The Sacred Space exhibition
Jeffrey Morin’s work spans several media. He is best known for
his letterpress bookworks, but additionally is passionately interested
in figurative monoprints, drawings and paintings.
The bookworks, in major collections internationally, focus on letterpress
as medium and as illustration by means of typographic prints, combined
with reduction lino prints, and collage and painting.
His most recent book, Sacred Space, is a letterpress book housed
in a box that also contains the parts for a chapel, to be put together
by the viewer. The chapel incorporates elements of a previous book as
the stained glass windows feature the sacred alphabet. The alphabet was
developed by his collaborator for the project, Steven Ferlauto, and was
used as the subject of the book, The Sacred Abecedarium. The
text for Sacred Space is, in part, by William C. Bunce, former director
of the Kohler Art Library, University of Wisconsin-Madison. This book
departs from the conventional perception of what constitutes a book by
the incorporation of the “glass” chapel kit. It looks back
to do-it-yourself books, to erector sets, to a time past, before television,
when people used their hands to make stuff for pleasure. Perhaps Morin
made models from kits as a boy. The book engages the viewer directly,
actively. Books, per se, are passive objects. The viewer reads or looks
at the illustrations. This book requires that the viewer be an active
participant as to fully understand the book, one must build the chapel,
locate all the parts, and understand the printed book as part of the whole.
In this departure from the traditional book object, Morin has also incorporated
more traditional book elements. The book has a text, printed letterpress,
an outdated, laborious process in which individual letters are set by
hand, as Gutenberg did. He uses reduction lino prints to great advantage
here as well as typographic illustrations—overprinting letterforms
to make a whole that is more than the individual letters.
The combination of these techniques results in a dense, rich bookwork
allowing the viewer to participate in the work directly, with hands, as
well as intellectually. The viewer is challenged to do more than passively
look at the object, although looking and deciphering is important.

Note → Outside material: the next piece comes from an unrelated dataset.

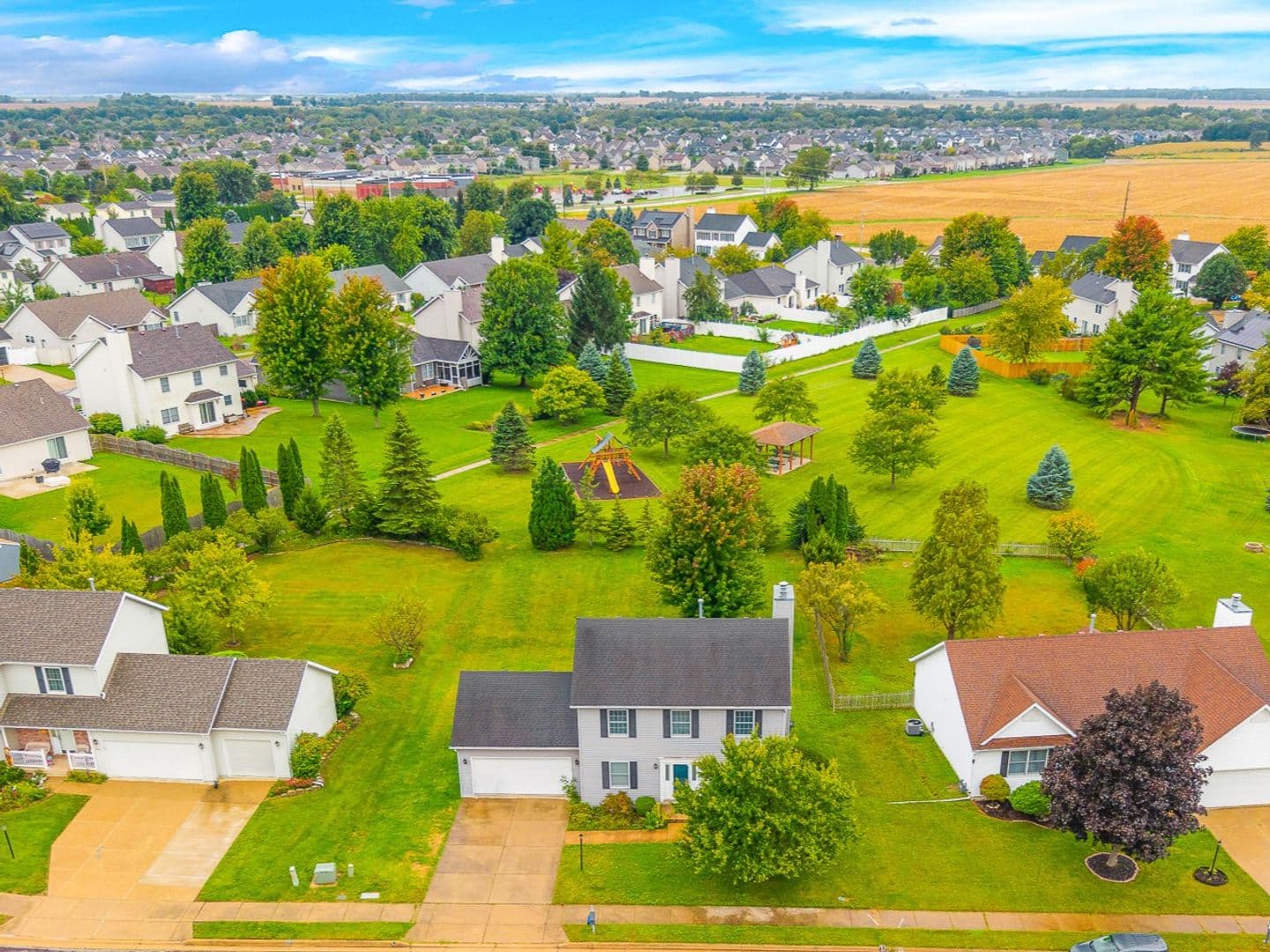 Dunlap House: 11701 N Brians Way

Morin’s figurative monoprints have a power greater than their size.
The stark black ink on white paper, the way he frequently works, makes
a bold statement aside from the often-tortured positions of the model.

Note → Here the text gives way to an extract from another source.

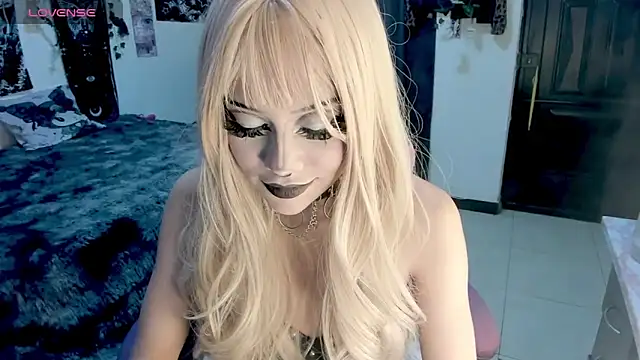 GothKitten666 online show from 04-18-26, 02:26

The position of the figures often seems to be part of some private ritual
or suffering. They have an uncomfortable edge, forcing the viewer to consider
perhaps the suffering implicit in much of early 21st century life.

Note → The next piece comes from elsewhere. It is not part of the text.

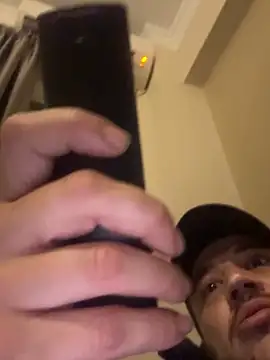 Snapshot of 1Aleks13 chatting on November 14, 2025, 7:28 pm 1Aleks13 online show from November 14, 2025, 7:28 pm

The drawings, of models, have the same feeling of suffering, awkwardness.
The page is filled with a single leg or the torso, the head cropped abruptly.
This device adds tension to these drawings. Morin’s line is used
to great advantage, changing as he draws the body, at times emphasizing
a curve, at times becoming faint. When color is used, some of the drawings
are conté crayon and some are charcoal, it is subtle, delicate,
and lovely.
The gouache paintings, larger in size than one expects from the medium,
are densely colored and patterned. The colors are rich, sensuous and frankly
beautiful. The patterning looks back to Klimpt, but with a much darker
palette, or perhaps Gauguin’s paintings in which objects become
decorative elements and the use of color is lush. Russian icons are also
an obvious influence, in the liberties taken with the depiction of the
body and the flatness of the picture plane, as is Giotto’s use of
collapsing space. The paintings are figurative, and again, the figures
are posed in awkward positions, forcing the viewer’s attention.
Figures fall out of the paintings, are cut off to fit into the picture
frame, engage in wrapping parts of their bodies, and in the example of
Adam and Eve, the Original Sin painting, are attempting to shield
each other’s body. Morin has pictured the Edenic pair at the moment
that they become aware of nakedness and are ashamed or embarrassed by
the other’s body.
It is difficult to sum up Morin’s work. The common thread through
the varying methods of working is the body and the depiction of the body,
although that is not always true in the bookworks. The design elements
used in drawings and paintings and the bookworks are consistent. He uses
that awkwardness in his printed work as well, to give the viewer a pause
to consider the location of type on the page, the position of pictorial
elements. His use of color is consistent, but the paintings are often
darker in tone. It is unusual that one artist can create several related
bodies of work in different media. Morin does it well.